All it took was President Barack Obama's signature to activate the National Strategic Computing Initiative (NSCI) late last month. The move frames a continuing partnership between IBM and the US Department of Energy to develop and deploy the latest generation of supercomputers.
But rather than throwing more processing power at big computational problems, IBM is taking a broader, systemic view on how data flows through a system and where computation can be placed to process data as it moves.
The concept is known as data-centric supercomputing.
"Measuring a supercomputer by floating point [operations] is an archaic idea," said David Turek, IBM's vice president for Technical Computing and a 25-year veteran in the supercomputing field.
Instead, one has to look at "exa-scale" computing, not measured exclusively in "exa-flops," but in multiple dimensions, Turek explained. It means up-scaling input/output, memory bandwidth, memory footprint, and other parameters. "It's based on how much faster you can cause your application to run," he said. "Floating point may be unrelated to making the app move faster."
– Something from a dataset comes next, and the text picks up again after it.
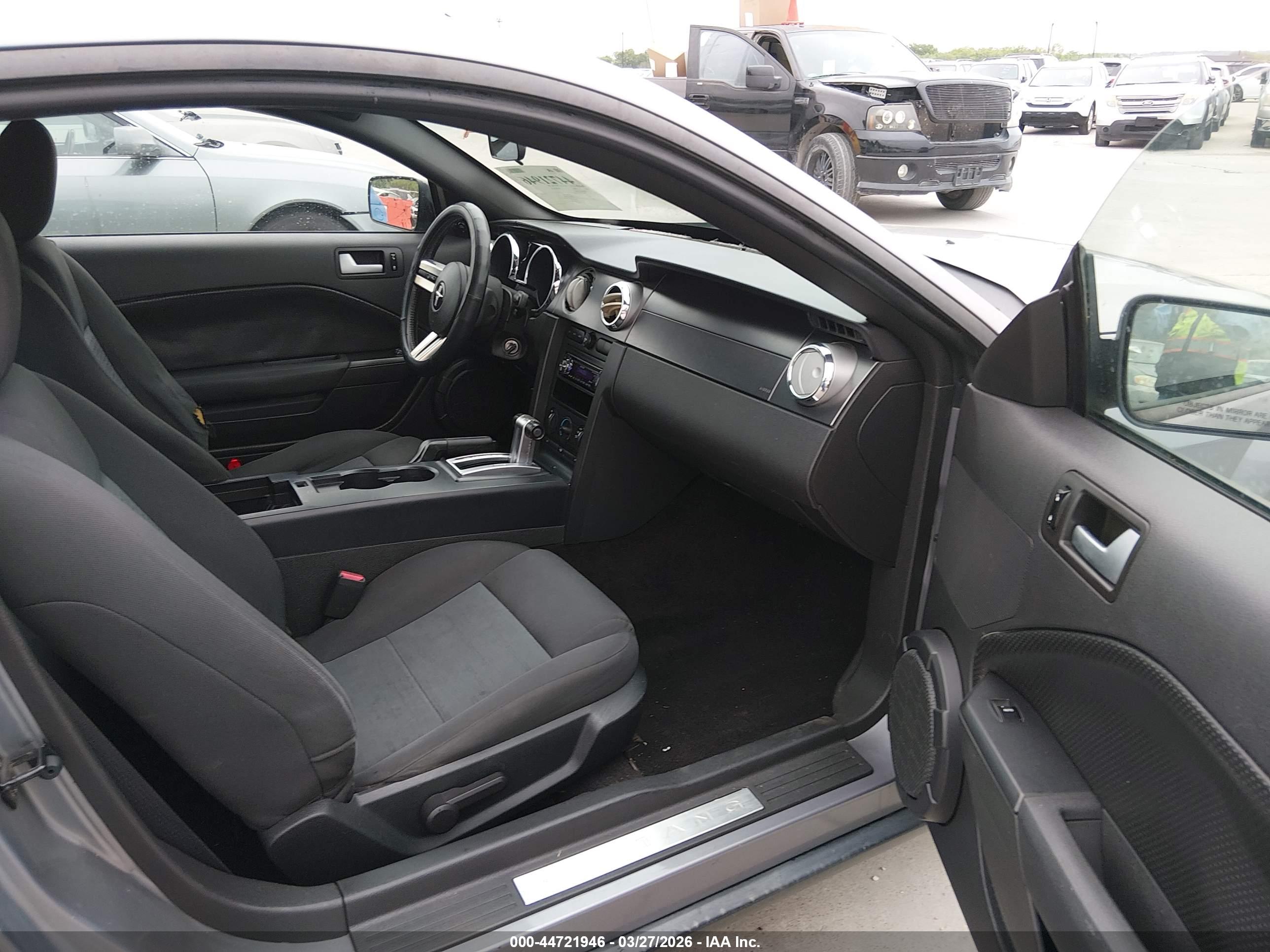 FORD MUSTANG image 5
On first appearance, exa-scale looks like exabytes of data being crunched by exaflops of computing power. "The movement of data creates delay," Turek noted. You have to change the architecture of the system to process data where it moves rather than shuttling it to a parallel processing array.
"We are using infrastructure to deal with the problem in totality," Turek said. That might mean doing basic analysis of data while it is in storage or doing MapReduce in the network as the data is flowing.
How It Works
To illustrate this concept, Turek offered as an example past work he did with an oil company. Oil exploration relies on seismic data, which is pretty voluminous to start. Supercomputers are a necessity here to operate the algorithms needed to sort and analyze the data.
Adding more racks of processors would only have increased solution times by maybe 2% to 3%, Turek said. "Workflow is so wrapped up in managing the data" that focusing on the processing power alone "was ill-founded as a computational strategy," he explained.
President Obama's NSCI announcement provides some additional strategic context framing IBM's $325 million contract with the DOE to deliver two data-centric supercomputers in 2017.
The first will go to the Lawrence Livermore National Laboratory in California, which is tasked with the strategic maintenance of the US nuclear arsenal. (The last physical test of a nuclear warhead by the United States was in 1996. All subsequent "tests" have been computer simulations of warhead designs. )
The second supercomputer, known as Summit, will go to the Oak Ridge National Laboratory in Tennessee, where work is already being done on smart electrical grids and carbon sequestration but could branch out to computational chemistry and life sciences.
Summit will replace the Titan Cray XK7 that has been chugging along at peak speeds of 27 petaflops since 2012. Summit will boast "40 teraflops per node vs. 1.5 teraflops per node for Titan," explained Buddy Bland, the project director for the DoE's Oak Ridge Leadership Computing Facility. But Summit will only pack 3,500 nodes versus about 18,000 for Titan, he added, and each of Summit's nodes will have about half-a-terabyte of memory.
"Our users really like that," Bland added.
"Today on Titan, the GPUs and CPUs do not have shared memory," Bland continued. Users have to move data from one to the other. Summit will allow CPUs and GPUs to access the same data from a shared memory. This will result in a "dramatic improvement in performance," Bland added. "It makes it easier for the user not to worry about data motion."
Currently, the DoE is working with IBM and Nvidia to craft the code needed to use Summit. "You have to get the data laid out in the system to take advantage of the memory bandwidth," said Bland. This is yet another refinement of computing practice where data is moved from slow-moving memory to high-speed memory as needed.
Another tweak Summit adds is "scratch pad memory." Cache, which determines where data is, "does not know what you will need next," Bland said. Scratch pad memory enables users to allocate data to memory and to keep it there until the user commands it to move elsewhere.
For IBM, data-centric supercomputing also serves as a "proof of concept" that can be scaled down to meet the more humble needs of university departments or sold to large corporations handling big data analytics.
National Security And Business Use
Turek admits that the market for highly advanced supercomputers is pretty limited to only a few institutions operating at the extreme fringes of computer science. The power requirement alone for the two DoE systems comes in at roughly 10 megawatts each. (One megawatt of electricity can power roughly 1,000 homes.)
But it's not just computer science for the sake of it.
The current record holder for the world's "most powerful" supercomputer is the People's Republic of China. The Tianhe-2 can perform at 33.86 petaflops, roughly twice the speed of the Titan supercomputer now housed at Oak Ridge.
Tianhe-2 is operated by China's National University of Defense Technology at Guangzhou and is one of four supercomputer centers designated by the United States as acting against American security interests. Chinese news agency Xinhua stated that Tianhe-2 is used for genetic analysis, drug development, and aerodynamic analysis for aircraft and high-speed trains.
Under Obama's NSCI, the US will build and deploy a system that will operate at 1 exaflop -- or 1,000 petaflops. But please be mindful of "Turek's Asterisk," as processing power alone no longer is the sole definition of how powerful a supercomputer is.